In her keynote speech in Florence this afternoon, Prime Minister Theresa May told the assembled media and some of her ministers, but nobody from the EU: “Britons have never totally felt at home being in the EU. The EU never felt to us like an integral part of our national story.”

And as widely trailed, during the speech Mrs May announced a post-Brexit transition period which could last up to two years.

She started her speech by saying: “It’s good to be here in this great city of Florence today at a critical time in the relationship between the UK and the EU. We are moving through a new and critical period in the UK’s relationship with the EU.” However, she said she looked ahead with optimism. “This will be a defining moment in the history of our nation.”

She spoke about the partnership between the EU and the UK. “That partnership is important,” she said. “We see shared challenges and opportunities in common.”

She mentioned the work the Royal Navy is doing alongside the Italian navy in the Mediterranean and spoke of the two countries working together in the fight against terrorism, mass migration and terrorism. She stressed: “We may be leaving the EU but we are not leaving Europe, and explained that the citizens of the UK “want more direct control of their daily lives in Britain by those who are accountable to them”.

She reiterated the UK’s determination to allow EU nationals to stay here. “I want to repeat – we want you to stay,” she said. “We value you and we thank you for your contributions to our national life. The guarantee I am giving is real.” However, she said that during the implementation period, EU migrants would have to register once they got here.

Mrs May said it was “essential that the quality of our security co-operation is maintained” and spoke of a bold new strategic agreement – a treaty, that needed to be negotiated.

Of the proposed implementation period she said it would start after we have left the EU and during this time the EU and the UK would have access to one another’s markets on current terms. The exact time would have to be negotiated but would be around two years.

On trade, she refused to endorse either of the deals the EU has with Norway and Canada. “The UK is in a completely different relationship from Norway and Canada,” she said. “We can create a partnership that is completely different from those two. Let’s think creatively, let’s be ambitious.” However, she rejected membership of the European Economic Area. “EEA membership means we have to adopt new EU rules, over which we have no influence and no vote,” she said. It wouldn’t work. We can do better.”

During questions from the media, she said there would be a “settlement of all the issues” and added: “The UK will honour commitments made during the period of our membership and we will make an ongoing contribution to cover our share of the costs involved.”

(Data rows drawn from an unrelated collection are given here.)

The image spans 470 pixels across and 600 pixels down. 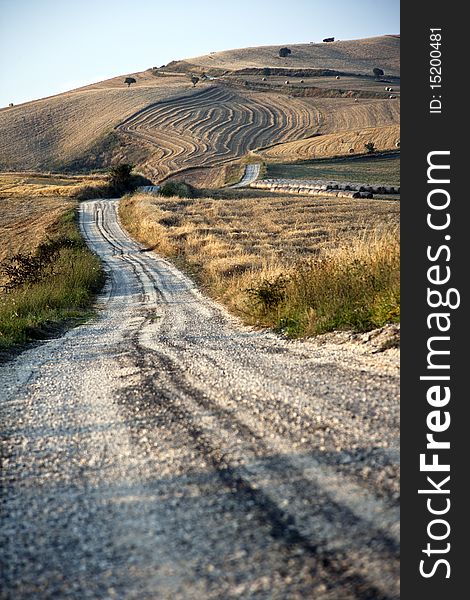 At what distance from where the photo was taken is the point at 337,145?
82.6 meters

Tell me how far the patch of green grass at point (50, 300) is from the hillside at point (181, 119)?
2232 inches

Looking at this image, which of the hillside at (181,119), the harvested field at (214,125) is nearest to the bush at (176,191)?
the hillside at (181,119)

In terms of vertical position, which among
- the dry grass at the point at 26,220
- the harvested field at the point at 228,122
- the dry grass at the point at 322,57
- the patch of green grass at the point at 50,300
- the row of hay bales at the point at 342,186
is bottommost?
the patch of green grass at the point at 50,300

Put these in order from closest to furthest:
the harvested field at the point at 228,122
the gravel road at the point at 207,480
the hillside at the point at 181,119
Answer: the gravel road at the point at 207,480 < the harvested field at the point at 228,122 < the hillside at the point at 181,119

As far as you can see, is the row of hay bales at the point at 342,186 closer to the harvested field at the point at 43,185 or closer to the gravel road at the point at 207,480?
the harvested field at the point at 43,185

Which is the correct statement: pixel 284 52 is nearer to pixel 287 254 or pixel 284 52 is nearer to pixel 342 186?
pixel 342 186

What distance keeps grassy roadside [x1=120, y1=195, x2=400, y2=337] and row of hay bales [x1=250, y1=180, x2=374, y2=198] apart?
14.0 feet

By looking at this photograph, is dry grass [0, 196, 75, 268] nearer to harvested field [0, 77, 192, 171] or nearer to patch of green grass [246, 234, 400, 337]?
patch of green grass [246, 234, 400, 337]

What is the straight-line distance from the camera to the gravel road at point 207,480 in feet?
8.80

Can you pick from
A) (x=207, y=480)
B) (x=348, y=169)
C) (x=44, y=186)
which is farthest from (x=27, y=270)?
(x=348, y=169)

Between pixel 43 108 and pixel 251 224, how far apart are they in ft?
305

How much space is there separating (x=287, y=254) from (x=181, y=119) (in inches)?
3393

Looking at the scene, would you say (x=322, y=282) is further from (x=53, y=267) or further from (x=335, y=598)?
(x=53, y=267)

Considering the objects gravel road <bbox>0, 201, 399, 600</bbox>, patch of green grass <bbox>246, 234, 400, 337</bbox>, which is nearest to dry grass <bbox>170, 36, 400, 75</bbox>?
patch of green grass <bbox>246, 234, 400, 337</bbox> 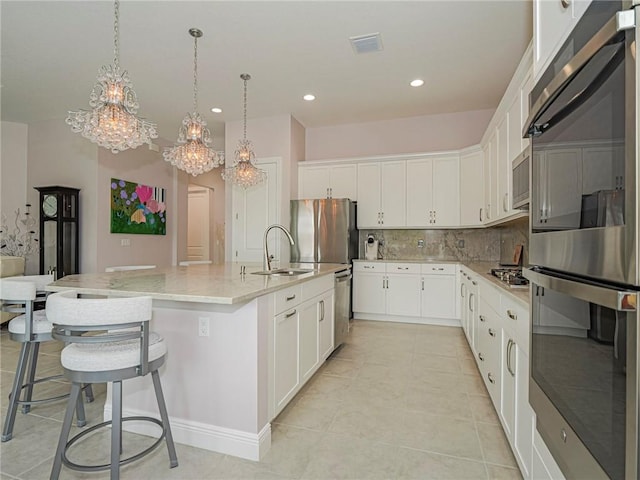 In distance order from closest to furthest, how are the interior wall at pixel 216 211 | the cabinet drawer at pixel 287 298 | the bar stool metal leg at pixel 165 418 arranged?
the bar stool metal leg at pixel 165 418, the cabinet drawer at pixel 287 298, the interior wall at pixel 216 211

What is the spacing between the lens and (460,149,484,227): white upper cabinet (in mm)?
4414

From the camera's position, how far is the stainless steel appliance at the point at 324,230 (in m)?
4.90

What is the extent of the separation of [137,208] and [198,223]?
264 cm

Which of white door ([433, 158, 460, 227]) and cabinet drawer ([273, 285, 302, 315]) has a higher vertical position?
white door ([433, 158, 460, 227])

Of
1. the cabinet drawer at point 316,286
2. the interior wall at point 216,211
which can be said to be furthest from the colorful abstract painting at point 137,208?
the cabinet drawer at point 316,286

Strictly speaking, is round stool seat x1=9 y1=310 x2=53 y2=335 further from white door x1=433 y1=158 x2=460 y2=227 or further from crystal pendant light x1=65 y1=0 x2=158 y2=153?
white door x1=433 y1=158 x2=460 y2=227

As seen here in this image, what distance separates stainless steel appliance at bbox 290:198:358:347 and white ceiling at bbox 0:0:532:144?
1373 mm

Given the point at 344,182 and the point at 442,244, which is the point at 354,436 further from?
the point at 344,182

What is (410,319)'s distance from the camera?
190 inches

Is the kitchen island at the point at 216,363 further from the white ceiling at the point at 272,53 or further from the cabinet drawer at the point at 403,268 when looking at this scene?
the cabinet drawer at the point at 403,268

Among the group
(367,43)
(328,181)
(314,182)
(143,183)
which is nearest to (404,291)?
(328,181)

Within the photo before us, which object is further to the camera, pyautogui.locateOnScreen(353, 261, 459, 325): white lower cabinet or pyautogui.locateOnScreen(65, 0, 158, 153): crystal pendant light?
pyautogui.locateOnScreen(353, 261, 459, 325): white lower cabinet

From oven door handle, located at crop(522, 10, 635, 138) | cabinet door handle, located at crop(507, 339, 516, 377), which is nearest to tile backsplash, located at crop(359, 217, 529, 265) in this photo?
cabinet door handle, located at crop(507, 339, 516, 377)

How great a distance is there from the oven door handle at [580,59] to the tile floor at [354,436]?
1713 millimetres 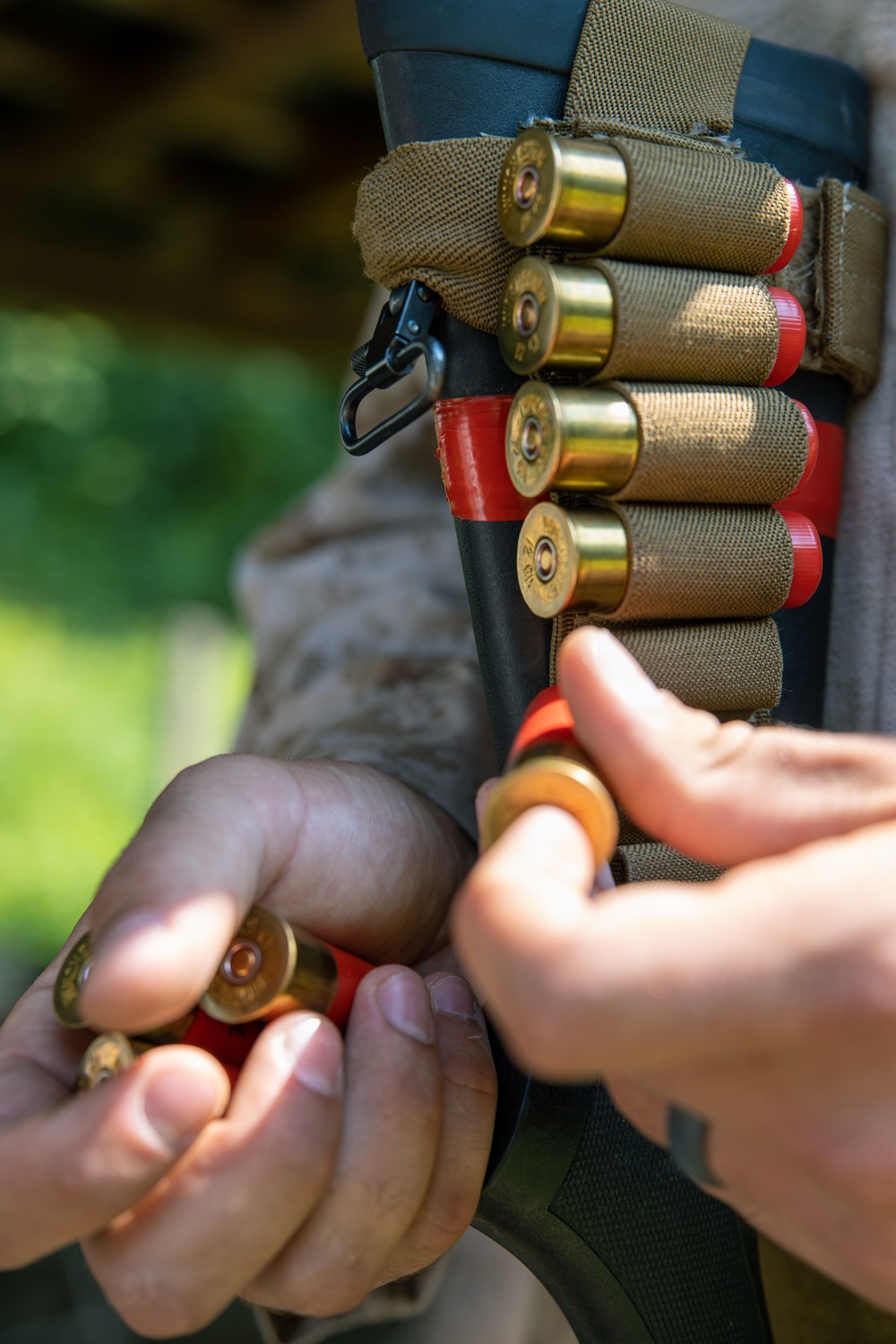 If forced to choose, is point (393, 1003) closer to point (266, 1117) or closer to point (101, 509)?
point (266, 1117)

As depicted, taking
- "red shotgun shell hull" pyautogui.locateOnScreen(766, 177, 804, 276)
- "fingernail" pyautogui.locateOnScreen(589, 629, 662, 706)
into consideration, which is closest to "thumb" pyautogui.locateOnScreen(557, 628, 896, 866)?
"fingernail" pyautogui.locateOnScreen(589, 629, 662, 706)

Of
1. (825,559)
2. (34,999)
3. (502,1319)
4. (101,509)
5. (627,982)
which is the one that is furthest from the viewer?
(101,509)

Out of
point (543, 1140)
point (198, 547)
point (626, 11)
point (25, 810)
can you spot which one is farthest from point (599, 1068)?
point (198, 547)

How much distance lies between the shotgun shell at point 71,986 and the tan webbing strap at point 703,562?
16.3 inches

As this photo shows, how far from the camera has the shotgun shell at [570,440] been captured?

Interviewed by Sky News after the speech, our former leader Nigel Farage said the words had “very little substance”. “We are leaving the EU in name only; we are rebadging the status quo. I think the most telling line she spoke was ‘we don’t seek an unfair competitive advantage’. But that’s what I voted for.

“Anyone who has worked in business knows that when you enter negotiations, you must be prepared to walk away. She dropped that thought today.” He added that he was concerned that Mrs May’s vision of a two year transition “may become many more than that”.

He was asked about the EU’s negotiating team. “I don’t think Mr Barnier wants a deal,” he said. “We keep giving and giving and giving and get nothing back in return. Our only hope, I think, is to go straight to the member states and to the manufacturers and if that route doesn’t work, rather than waste years of our lives, to walk away and start again.”